Now you have seen two different ways to replicate a RECOVERABLE LOAD from HADR primary database to the standby database.
Solution 3:
Now lets take a look at the final and most commonly used solution to replicate RECOVERABLE LOAD’s between primary and standby servers. For this solution you need to have a shared file system or NFS (Network file system) between primary and standby servers. Following are the preparation steps that I performed.
- On my iMac I used VMWare Fusion pro and built two virtual machines.
- These two virtual machines act as a primary and standby servers and are built using thunderbolt SSD storage for fast boot time etc.
- I also shared my iMac’s drive “/mnt/hgfs” between two virtual machines, which will be visible from both VM’s.

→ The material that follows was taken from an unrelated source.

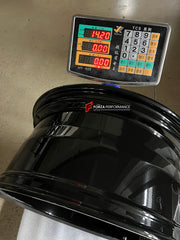 20 INCH FORGED WHEELS RIMS for MERCEDES BENZ E CLASS W214 2025 custom fit OEM EQS AMG A2974011500 WHEELS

Lets verify that the shared drive is accessible via both primary and standby, a simple df command should help us determine that
Primary:
$ df -H|grep mnt .host:/ 501G 139G 362G 28% /mnt/hgfs
Standby:
$ df -H|grep mnt .host:/ 501G 139G 362G 28% /mnt/hgfs
Create a directory on the shared filesystem from either primary or standby servers. In my case since I am already on primary I chose to do it from primary VM.
Primary:
$ mkdir /mnt/hgfs/raghu/loads $ cd /mnt/hgfs/raghu/loads
Primary:
$ db2 "declare test_c1 cursor for select * from test.test" DB20000I The SQL command completed successfully. $ db2 "load from test_c1 of cursor messages load_test_new.msg replace into test.test_new copy yes to /mnt/hgfs/raghu/loads" Number of rows read = 21137741 Number of rows skipped = 0 Number of rows loaded = 21137741 Number of rows rejected = 0 Number of rows deleted = 0 Number of rows committed = 21137741
Now verify that load copy file is accessible from both primary and standby VM’s.
Primary:
$ pwd /mnt/hgfs/raghu/loads $ ls -ltr total 4473328 -rw-r-----. 1 501 games 4577472512 Jan 29 21:29 TEST.4.db2inst1.DBPART000.20180129212636.001 -rw-r--r--. 1 501 games 1112 Jan 29 21:29 load_test_new.msg
Standby:
$ pwd /mnt/hgfs/raghu/loads $ ls -ltr total 4473328 -rw-r-----. 1 501 games 4577472512 Jan 29 21:29 TEST.4.db2inst1.DBPART000.20180129212636.001 -rw-r--r--. 1 501 games 1112 Jan 29 21:29 load_test_new.msg
Now verify that LOAD copy got replicated to the standby. You can look for the following entry in the db2diag.log on standby.
Standby:
2018-01-29-21.29.47.972153-480 I69653877E511 LEVEL: Warning PID : 68079 TID : 46912908551936 PROC : db2sysc 0 INSTANCE: db2inst1 NODE : 000 DB : TEST APPHDL : 0-27021 APPID: *LOCAL.DB2.180130051853 HOSTNAME: xxxxxxxxxxxx EDUID : 1537 EDUNAME: db2agent (TEST) 0 FUNCTION: DB2 UDB, database utilities, sqludcpy, probe:549 DATA #1 : String, 68 bytes Starting to restore a load copy. TEST.TEST_NEW.20180129212636 2018-01-29-21.31.51.788936-480 I69654389E468 LEVEL: Warning PID : 68079 TID : 46912908551936 PROC : db2sysc 0 INSTANCE: db2inst1 NODE : 000 DB : TEST APPHDL : 0-27021 APPID: *LOCAL.DB2.180130051853 HOSTNAME: xxxxxxxxxxxx EDUID : 1537 EDUNAME: db2agent (TEST) 0 FUNCTION: DB2 UDB, database utilities, sqludcpy, probe:1143 MESSAGE : Load copy restore completed successfully.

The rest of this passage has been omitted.